Back when we first moved out to the desert in 1998, I started spiritual mapping the area. I researched the history of Palm Springs and the Coachella Valley to understand how the past is affecting our present and future. It was clear that Tahquitz Canyon played a significant role from the very beginning. The Cahuilla people have a deep spiritual connection to the canyon. It’s one of a couple of places where freshwater flows all year in the desert, so it sustains life.
In my historical quest, I found the story of Lonnie Frisbee, a drug addict hippie – by his own admission – who started the Jesus People Movement of the 1960s. The story I’ve read is that he went up to the Falls, dropped LSD, then had an encounter with God that so affected him that he started baptizing people that were with him. Then he went down to Orange County and connected with John Wimber and Chuck Smith, which catapulted the movement forward.

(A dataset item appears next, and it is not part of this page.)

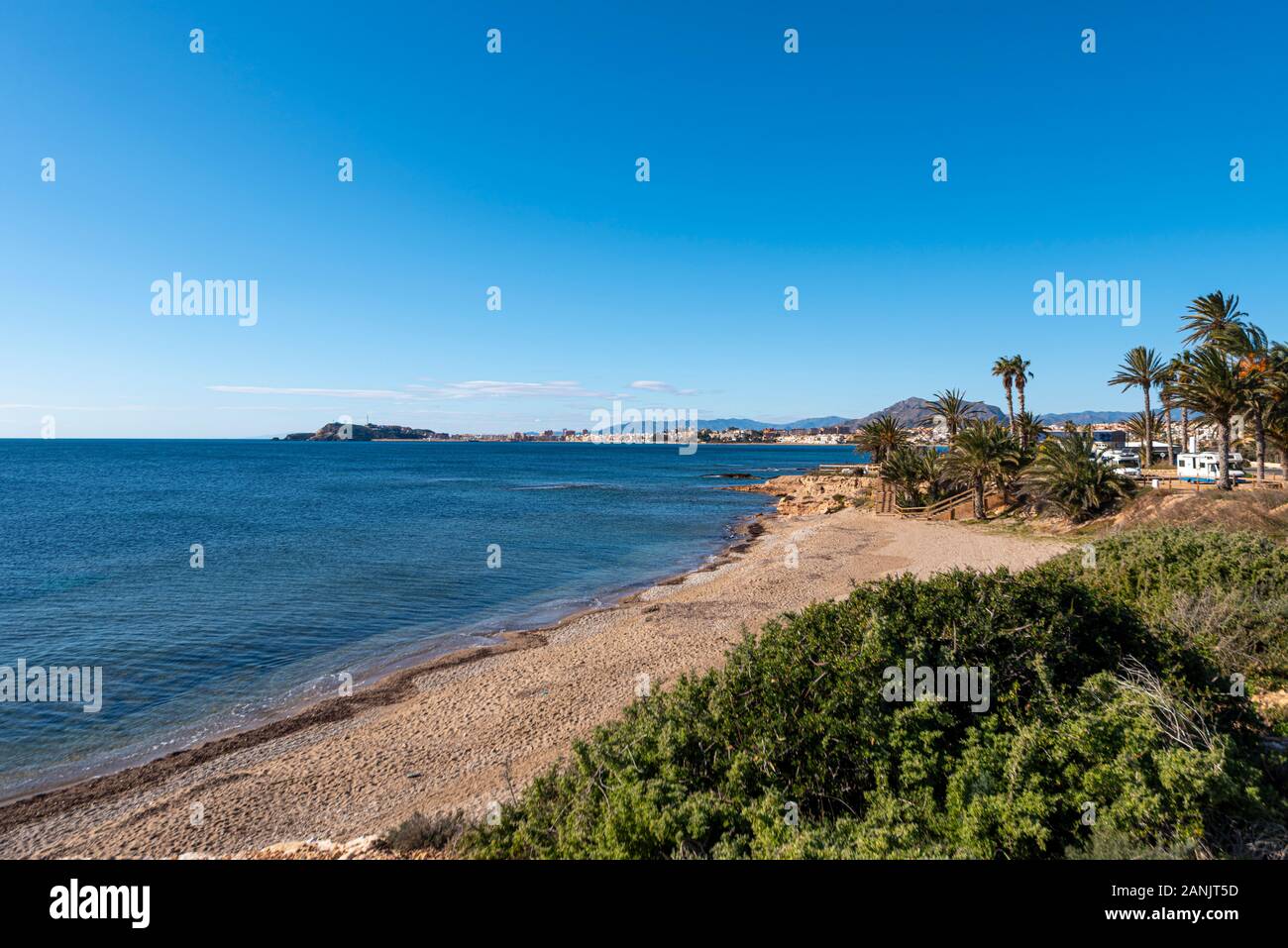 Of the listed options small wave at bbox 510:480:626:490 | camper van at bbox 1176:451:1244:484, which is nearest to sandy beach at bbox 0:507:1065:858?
camper van at bbox 1176:451:1244:484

As I sat on a rock near the water, it felt like I had entered a sanctuary. The high rock walls, echoing the water splashing into the small basin, and the creek’s burble flowing down into the desert surrounded me with a sense of awe and peace. The shade of the trees, with a slight breeze, allowed me to feel the joy of the trees clapping their hands, in Isaiah 55:12. I’m not sure I can adequately explain the deep spiritual connection I had to God at that moment, but I know something shifted in me. It was as if I had a destiny moment – being in the right place at the right time so that God could use me to do something He’d been planning to do.
Internally I shouted, “Hineni” – Hebrew for “Lord, I’m ready, I’ll go, I’m listening, tell me what You would have me know.” The idea that God can use me or anyone, no matter how messed-up, to start a world-changing movement, resonated in my being. Even though I was sore and tired by the end of the hike, I now know God calling me to raise up people who are willing to go on prayer adventures with God – sacrificial acts of worship, where our presence is used to change atmospheres, spread love, and the joy of the Lord. The world needs us to listen to what we need to know, so that we can go and do what God wants at the right time. I’m confident this hike was to show me, and you, that anything is possible when we desire to be in the center of God’s will.
I long for your prayers as God continues to reveal my part to play in this new season. I’m praying that you will join me in the journey.